Refrigerated sauces are a delicious addition to a wide variety of dishes, from salads to fast foods and snacks. These foods offer great convenience and taste, but also pose challenges in terms of shelf life and food safety due to the pathogenic microorganisms that thrive in them.

In this blog, we will explore the types of refrigerated sauces along with the microbiological problems they face and the most common pathogenic microorganisms, potassium sorbate as a food preservative (it is one of the most commonly used chemical food preservatives) and finally, a clean label alternative to these chemical food preservatives currently on the market.

What types of refrigerated sauces are there?

There are many types of refrigerated sauces that can be found in a wide variety of flavours and textures. Some common examples include mayonnaise sauce, mustard sauce, guacamole and many others. These sauces are popular because of their freshness and taste, but that same freshness also makes them susceptible to the growth of microorganisms.

We could classify the types of sauces according to the processes they have undergone:

  • Fresh
  • HPP
  • Pasteurised

Each of them suffers from a specific shelf-life problem, the freshest sauces spoil in a short time and are more vulnerable to pathogenic microorganisms, while the most treated products (HPP or pasteurised) lose their organoleptic freshness over time, which is why different food preservatives are used.

What are the microbiological problems with refrigerated sauces?

Refrigerated sauces, which include classics such as mayonnaise and guacamole sauce, face similar microbiological problems. These sauces often contain fresh ingredients such as avocado, tomato or onion that may be contaminated with pathogenic microorganisms such as Salmonella or E. coli. Cross-contamination is a real risk during the handling and preparation of these ingredients, increasing the risk of foodborne illness. In addition, the high moisture and water content in these sauces provides a favourable environment for the growth of moulds and yeasts.

This can lead to problems such as the proliferation of harmful microorganisms, affecting both food safety and product quality, necessitating the use of food preservatives such as potassium sorbate by manufacturers to ensure product safety.

What are the microbiological problems with guacamole sauce?

In particular, guacamole sauce presents a specific set of challenges.

– Discolouration and browning: Guacamole is prone to discolouration and browning due to oxidation of the avocado components. While this is not a microbiological problem in the food safety sense, it can negatively affect the quality and appearance of the product.

Mould and bacterial growth: The high humidity and water content in guacamole sauce provides an environment conducive to bacterial and mould growth. Microorganisms such as Listeria, Salmonella and E. coli can proliferate if the sauce is not kept at the proper temperature and stored for long periods.

Texture and Consistency: Unwanted microorganisms can affect the texture and consistency of guacamole sauce, causing it to become runny or take on an unpleasant texture. This can lead to consumer dissatisfaction.

What chemical preservatives are used in refrigerated sauces?

To combat these microbiological problems, the industry has traditionally relied on chemical food preservatives. These chemical preservatives can include potassium sorbate, sodium benzoate and other ingredients that extend the shelf life of refrigerated sauces. While these food preservatives have been effective, some consumers are concerned about their impact on health and prefer to avoid chemical additives.

These food preservatives can be identified on food labels by the following numbers:

  • E202 Potassium sorbate – is a derivative of sorbic acid (E200).
  • E211 Sodium benzoate – is obtained industrially by reaction of sodium hydroxide (E254) and benzoic acid (E210).

What Clean Label alternatives to potassium sorbate are available for refrigerated sauces?

There are clean label alternatives to potassium sorbate to combat these microbiological problems in sauces.

Amerex offers a natural alternative to potassium sorbate called Biamex YM or Biamex Aroma Global, a biotechnology-based natural preservative.
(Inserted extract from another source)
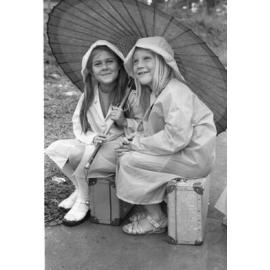 Girls with raincoats and umbrella in the rain, Ipswich, January 1978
This product is particularly effective in the fight against moulds and yeasts, two of the main microbiological challenges in refrigerated sauces and in guacamole sauce in particular. Biamex is not only a safe and effective option, but also meets the demands of consumers concerned about the absence of chemical preservatives in food. This makes it a truly clean label alternative also for manufacturers looking to remove E numbers such as potassium sorbate from their food labels, while maintaining food safety.

In summary, both refrigerated sauces and guacamole sauce are delicious and very common in gastronomy, but their microbiological problems can affect both food safety and quality. Instead of resorting to chemical food preservatives, Amerex’s alternative to potassium sorbate, Biamex YM or Biamex Aroma Global, offers a natural and effective clean label option to combat these problems, while ensuring the satisfaction of both consumers and food producers.